I believe that Javert is Valjean's foil but not the story's villain.  A villain is typically described as "an evil character in the story," but it is almost impossible to argue that Javert is evil.  Although he may have a skewed sense of right and wrong, he relentlessly pursues that which he perceives as good.  A foil, however, is described as "a character who contrasts with another character in order to highlight each other's particular qualities."  Javert and Valjean are certainly set in contrast throughout the novel, but this emphasizes each man's core beliefs and principles.

To really understand Javert, you must read the book.  But because the book is absolutely massive, I will try to fill you in as best as I can to save you some of that work.  Javert is a man of the highest integrity and discipline.  He has dedicated his life to public service and believes that the only way to be just is to be completely unbiased.  Yes, he develops a Captain Ahab-type obsession with Valjean, but it comes from dedication to his job.  In truth, I think all of Hugo's characters are fairly one-dimensional, but that doesn't bother me because of the broad variety of characters and the grand scale of time and action in Les Miserables.  However, Javert experiences arguably the most drastic character development when he encounters Valjean's mercy.

The chapter that describes Javert's suicide is absolutely breath-taking.  In fact, it is the passage of the novel that I remember most clearly and carries the most lasting impact after a few years have passed.  I just read it again after watching the recent movie, and I was just as enthralled by it.  Although there are many brilliant ways in which the musical version of the story captures the essence of the novel, I do not think it adequately represents Javert's suicide.  So allow me to let the book speak for itself:

"Javert's ideal was not to be humane, not to be great, not to be sublime; it was to be irreproachable.  Now he had just failed."

"His supreme anguish was the loss of all certainty.  He felt that he was uprooted.  The code was now but a stump in his hand."

"'In sparing me, what has he done?  His duty?  No.  Something more.  And I, in sparing him in my turn, what have I done?  My duty?  No.
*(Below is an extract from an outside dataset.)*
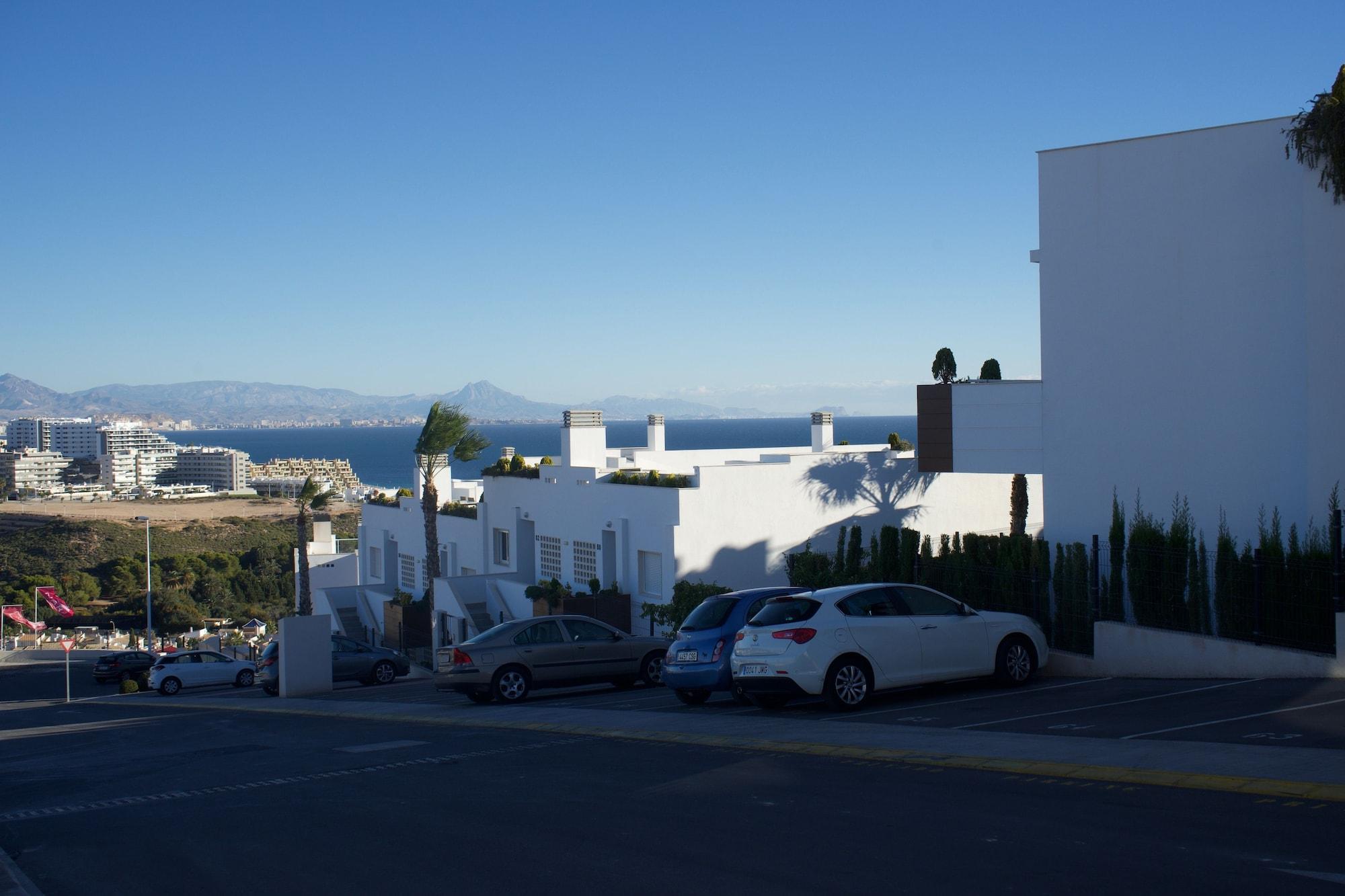 Vista Exterior Nova Beach Apartment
Something more.  There is then something more than duty.'  Here he was startled; his balances were disturbed; one of the scales fell into the abyss, the other flew into the sky, and Javert felt no less dismay from the one which was above than from the one which was below."

"All that he had believed was dissipated.  Truths which he had no wish for inexorably besieged him.  he must henceforth be another man.  He suffered the strange pangs of a conscience suddenly operated on for the cataract.  He felt that he was emptied, useless, broken off from his past life, destitute, dissolved."
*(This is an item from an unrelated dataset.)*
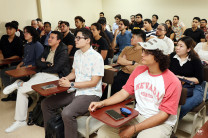 Estudiantes de la UTP. Estudiantes de la UTP.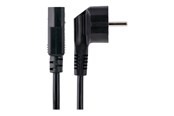 Kabel zasilajacy (wewnetrzny) - StarTech.com EU Shuko to C13 - 1 m - 713E-1M-POWER-CORD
You see, Javert's torment and subsequent suicide were a picture of deep humility.  Rather than stubbornly refusing to change his mind, he recognized that he had been wrong.  He spent a considerable period of time in deep thought, coming to the humbling conclusion that his strict moral code was imperfect, and he was crushed by this realization.  Javert had not been pursuing evil, and he was anguished by the discovery of his own error.  His death is the loss of a good and upright man, a loss you have to both respect and mourn.

I love Russell Crowe, and I probably always will.  So it's possible that I'm biased about his portrayal of Javert, but I do think it was well done.  No, Crowe doesn't have the best singing voice, but even he would admit that.  However, he brought nobility as well as angst to the role.  His portrayal of the suicide was phenomenal and truly brought to life the images in the book.  Crowe illustrated Javert's conscience and moral anguish rather than making him appear stubborn.  In showing these subtleties, his acting made up for his singing and added depth to the movie.

Thank you for allowing me to explore this fascinating character in detail.  In closing, I want to say that Les Miserables is a beautiful, fabulous, brilliant book.  The musical is a masterful interpretation of the story.  The recent movie is a heart-wrenching and powerful adaptation of the musical.  All three forms of this story are worth your time.